National poetry month was a real eye-opener. Poets great and small threw wide their doors and invited us in. I had the opportunity to hear many people with whom I was not familiar read their work. Two that stand out are Yvonne Murphy with her insightful, scholarly examination of language and Laurelyn Whitt who writes of languages lost in her exploration of interstitial space. I also enjoyed the works of several
other people, but did not catch their names. An older man recalled the wildflowers that were his childhood companions, and a chance meeting in the town library with a young reader who explained whales. Another poet wrote passionately about the loss of a loved one, stolen from him by AIDs.
Among the anti-war poems was written by a Korean Veteran. The horror as fresh today was it was in 1953. The memories still so vivid he could only to sing his poem in faltering monotone to keep his tears at bay. I was impressed by these fine writers and by the community they share. I only wish those of us who write prose could have such a community as well. There seem to be any number of ongoing “slams” and “open mic poetry” events to be found. Theirs is not on-line social-network, just real people reading aloud to each other on a regular basis. In part it is envy I feel. That and impatience with my self for gaining three pounds over the month (dam you with your home-made cookies and imported cheeses). There were eighty seven listings of upcoming events for this month on the state wide poetry calender when I checked. “Google-stalk” as I might, I could not find one prose reading.

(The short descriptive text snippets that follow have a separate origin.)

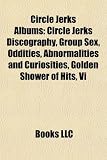 Circle Jerks Albums: Circle Jerks Discography, Group Sex, Oddities, Abnormalities and Curiosities, Golden Shower of Hits, Vi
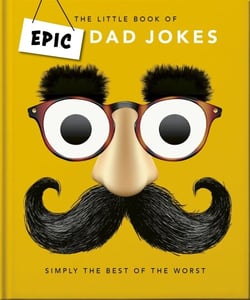 The Little book of Epic Dad Jokes - The Worse They Are, The Better They Are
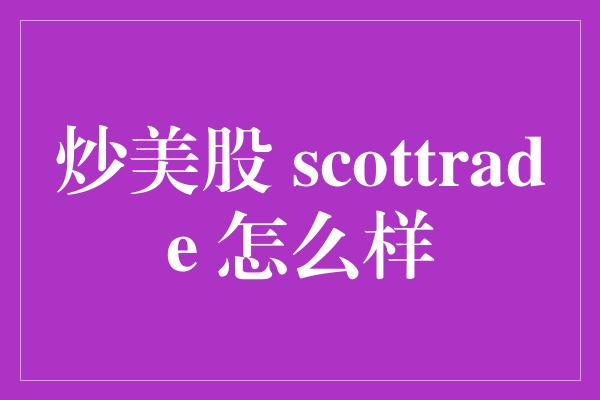 炒美股 scottrade 怎么样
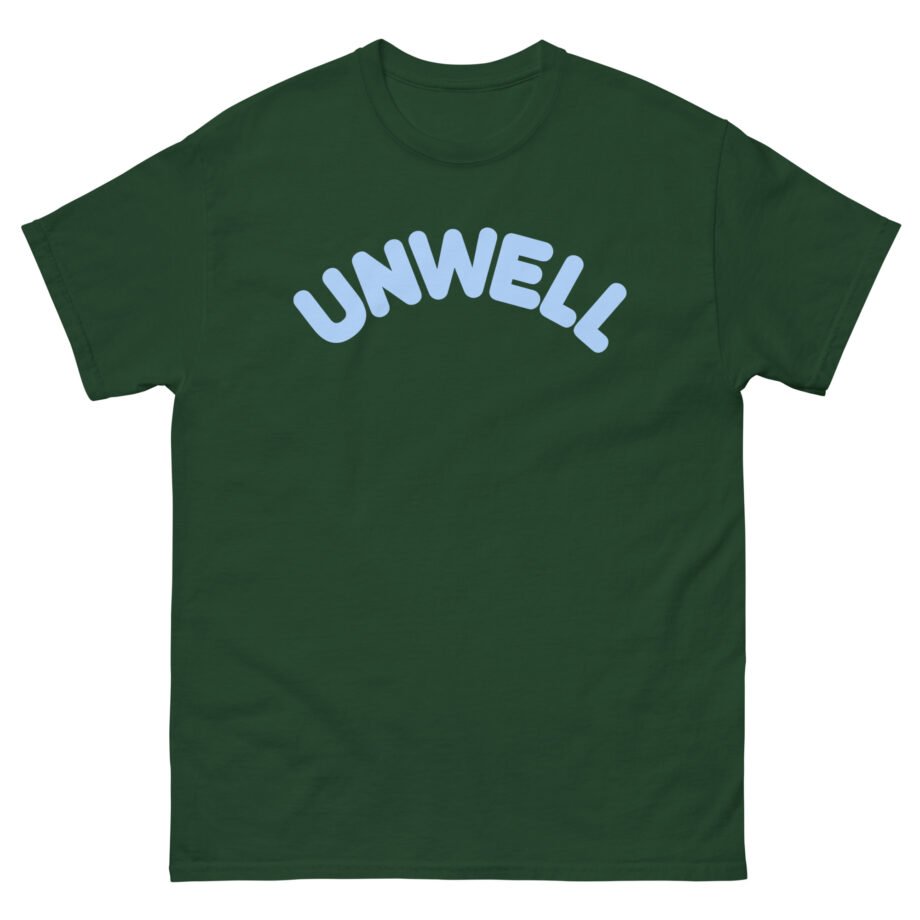 I Am Unwell Unisex classic tee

I offer a call to action to writers of prose, flash fiction authors especially, since our work lends itself so well to being read aloud, to promote a local reading series. Use any means available to get out the word. Flash Mob Flash Fiction? Ask your local book store or cafe which evening of the week is totally dead and If you were to bring in at least five friends who might, just might buy something could you have ninety minutes for a monthly short fiction extravaganza? Make it a contest, tell people lies, include yodeling or look-alike contests if that helps. Younger crowds seem to love break-up stories, worst boyfriend/girlfriend stories. Just do not make it sound like school. For an older crowd try memories, reminiscences,- finding god while walking on the beach is always popular - (did he wash up?). Make it themed! Let’s post our posters and fly our flyers. Local direct action is what we need to do.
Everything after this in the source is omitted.